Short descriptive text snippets
—————
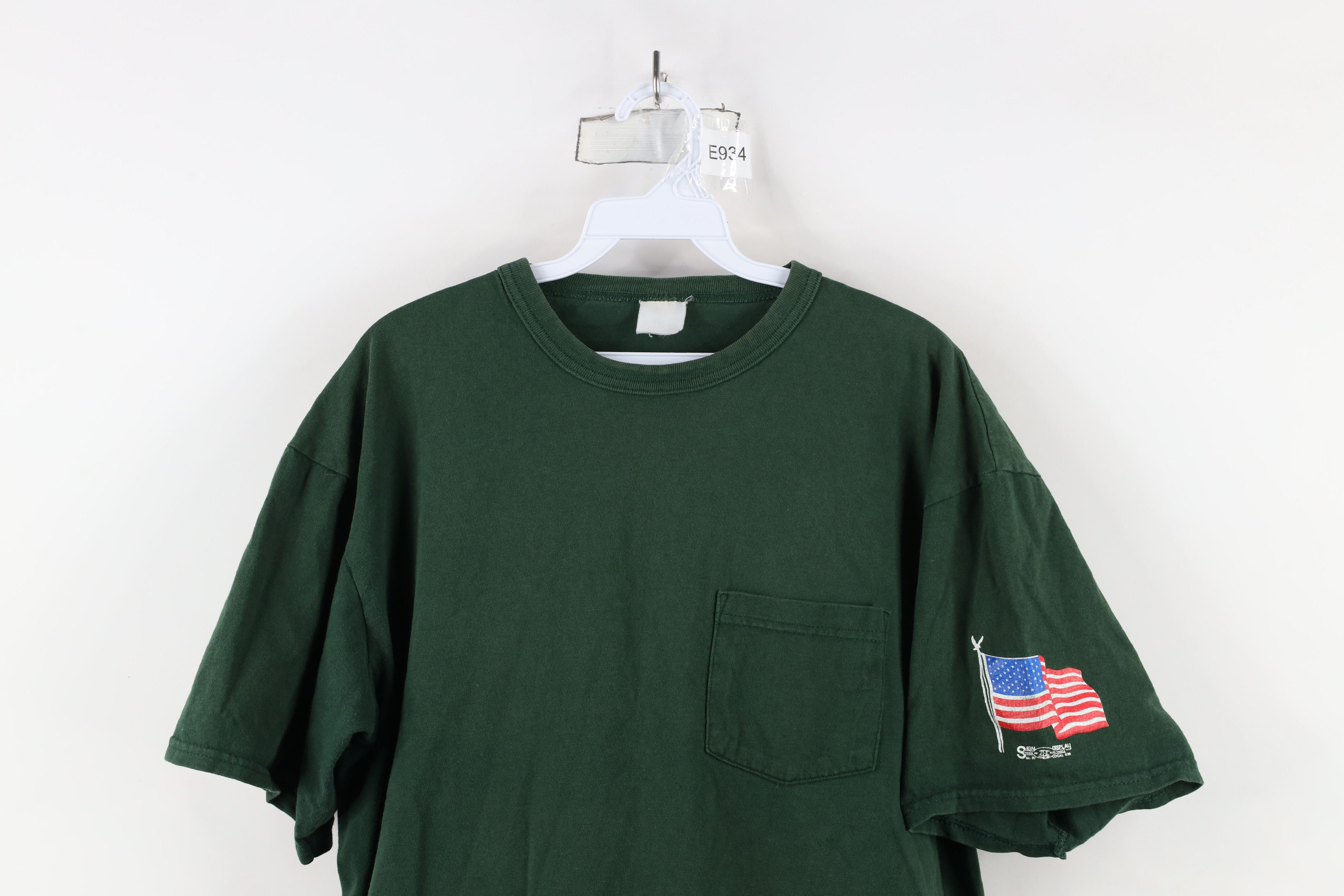 Vintage Vintage 90s Union Millwrights Pile Drivers T-Shirt Green USA Size US XL / EU 56 / 4 - 2 Thumbnail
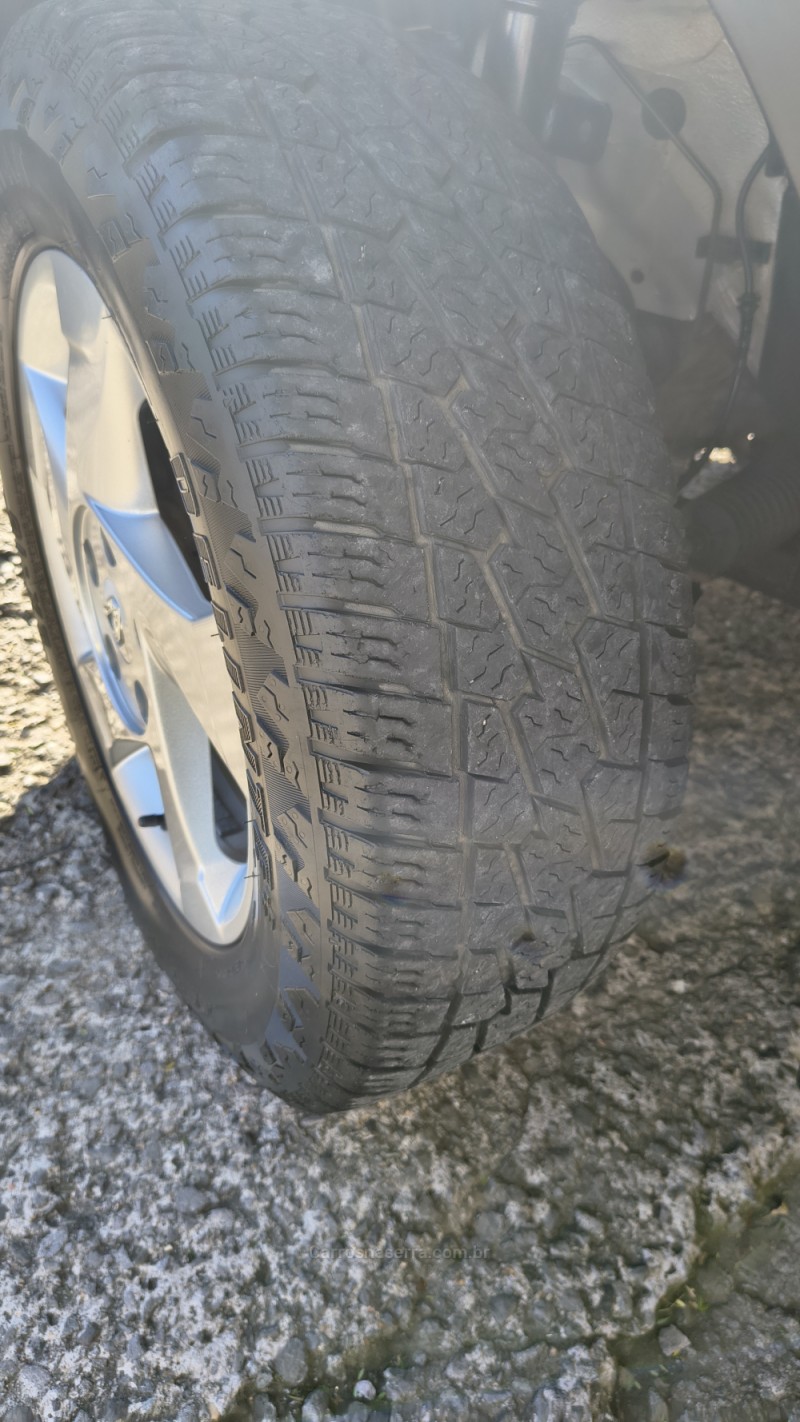 DUSTER 2.0 DYNAMIQUE 4X2 16V FLEX 4P MANUAL - 2013 - CAXIAS DO SUL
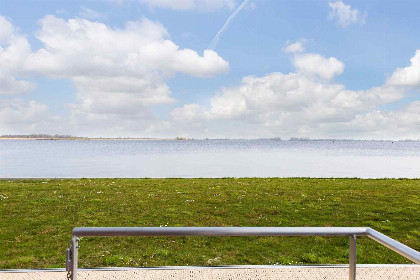 012 Prachtig gelegen 4 persoons houseboat aan het Sneekermeer in Friesland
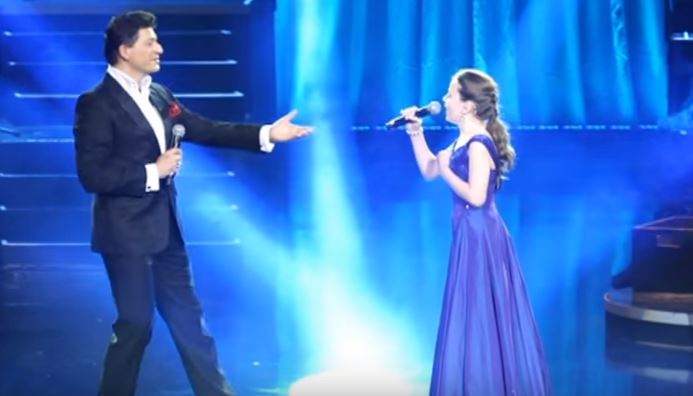 Questa ragazzina riesce a rubare la scena al cantante con più esperienza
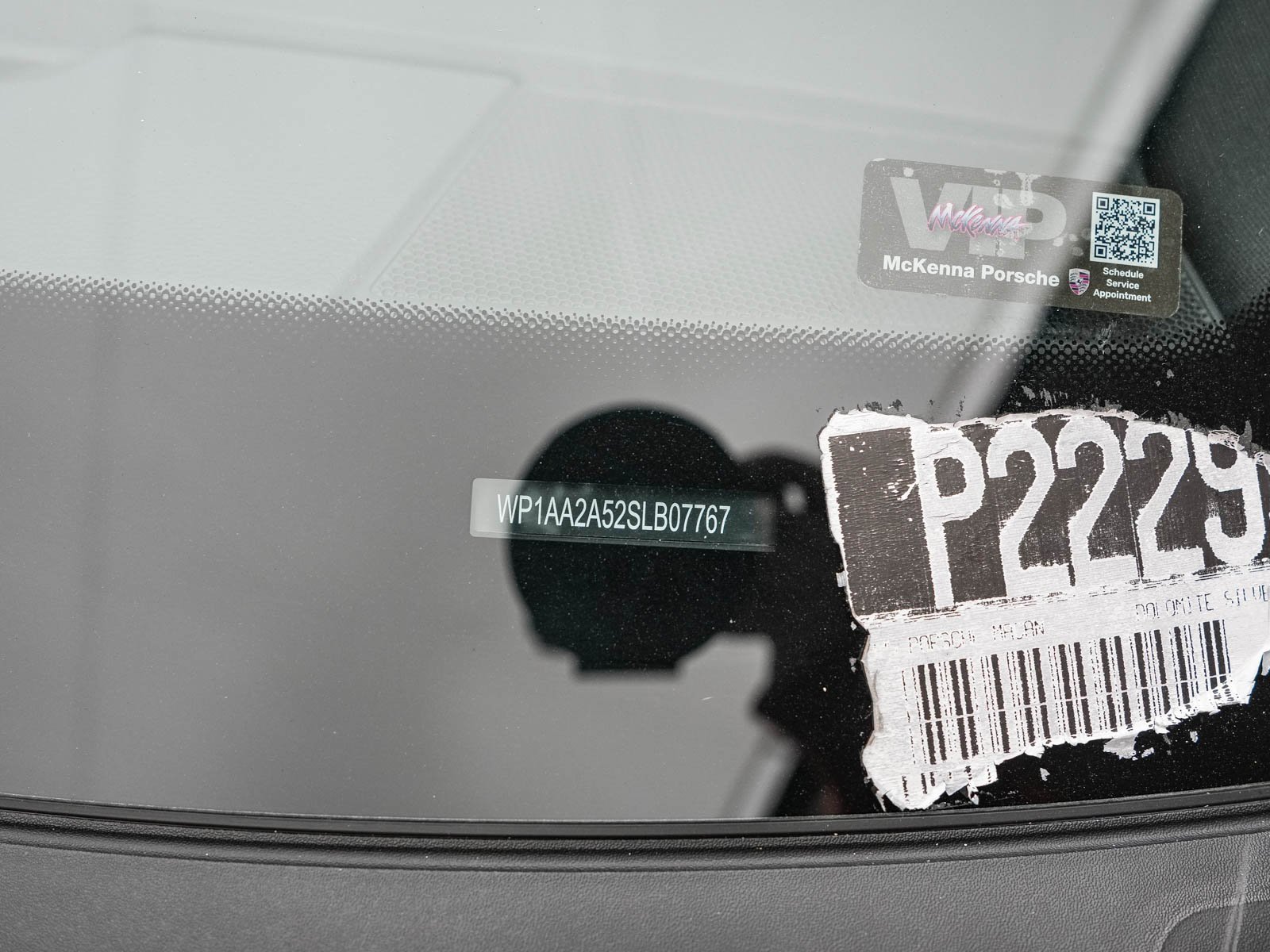 Certified 2025 Porsche Macan image 32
—————
Exercise instructions | Word for word, give back each entry from above, but skip any picture.

Answer box |
 Vintage Vintage 90s Union Millwrights Pile Drivers T-Shirt Green USA Size US XL / EU 56 / 4 - 2 Thumbnail
 DUSTER 2.0 DYNAMIQUE 4X2 16V FLEX 4P MANUAL - 2013 - CAXIAS DO SUL
 012 Prachtig gelegen 4 persoons houseboat aan het Sneekermeer in Friesland
 Questa ragazzina riesce a rubare la scena al cantante con più esperienza
 Certified 2025 Porsche Macan image 32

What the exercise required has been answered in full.